AD: Oh yes. Every day. It's part of human nature that we embrace curiosity, but we are made of habits, right? Changing habits is hard, and that's why, at EY, we talk so much about change management. It's not that people do not want to change. It’s that it requires a personal investment and also time required to think about how you're going to change, how you're going to do things differently. There is always a temptation for the majority of the population to try to do the things they have always done. So that means multiple examples of resilience.
It varies a lot with the companies I with whom I consult. An example is the CIO of a major electrical company, with who I discussed on where to start when investing in Gen AI. He said, ‘Let's not start with the engineers. Engineers are going to doubt everything we give them.’ That was an interesting claim, and it is true. If you give a predictive maintenance model to an engineer and there is no trust, the engineer will continue to do the things exactly the same way it has been done the last 20 years. Forget the investments you've done on the model. You know, there is no value realized until it gets adopted in another company or a completely different department. Here it was the CIO, who was saying there will be a big challenge in introducing generative AI because not even the CIO believes in it.
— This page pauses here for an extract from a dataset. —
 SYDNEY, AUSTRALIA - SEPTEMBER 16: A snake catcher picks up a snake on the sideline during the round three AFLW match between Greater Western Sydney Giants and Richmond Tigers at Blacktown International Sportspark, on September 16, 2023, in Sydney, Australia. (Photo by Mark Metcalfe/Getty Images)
My comment was that, in just a couple of years, the CIO will see himself only with colleagues that are older than 40 years of age because no one younger will want to develop software and be part of an IT group if generative AI has never been accepted in that department. Every company needs to find the right balance of change. If you don’t have deep pockets, you don’t want to move too fast because you can really fail quickly. But you also don’t want to go too slowly because you may miss the train. That will be a disadvantage if you are trying to attract the talent such as engineers, field technicians and data scientists. Many industries are struggling to attract that talent.
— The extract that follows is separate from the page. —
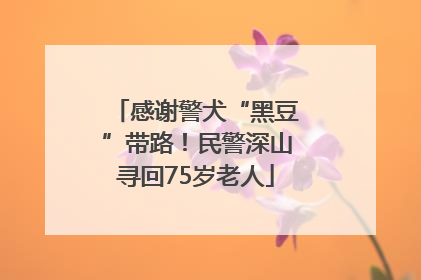 感谢警犬“黑豆”带路！民警深山寻回75岁老人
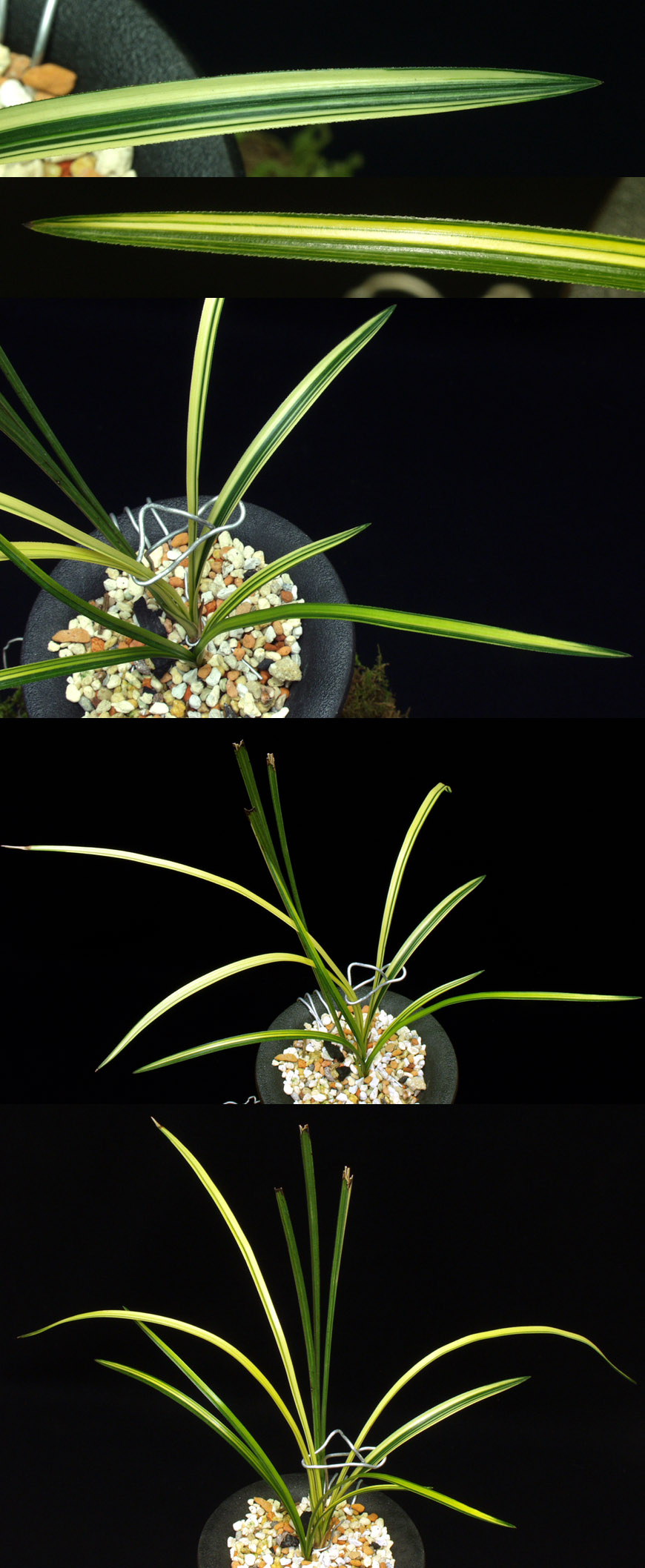 ������ ū������ �� �� �ֽ��ϴ�.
BE: We're still dealing with the human nature aspect. I would imagine that's the hardest part, not necessarily developing the technology.
AD: Well, developing the technology, is not easy either, right? But there is no point in investing so much effort in the technology if the human part is not at the centre and at the beginning of thinking about what to do with AI.
BE: Anna, thank you so much for providing this insight. It's such a rapidly advancing technology, we need all that information we can get. Thank you very much for being here with us today.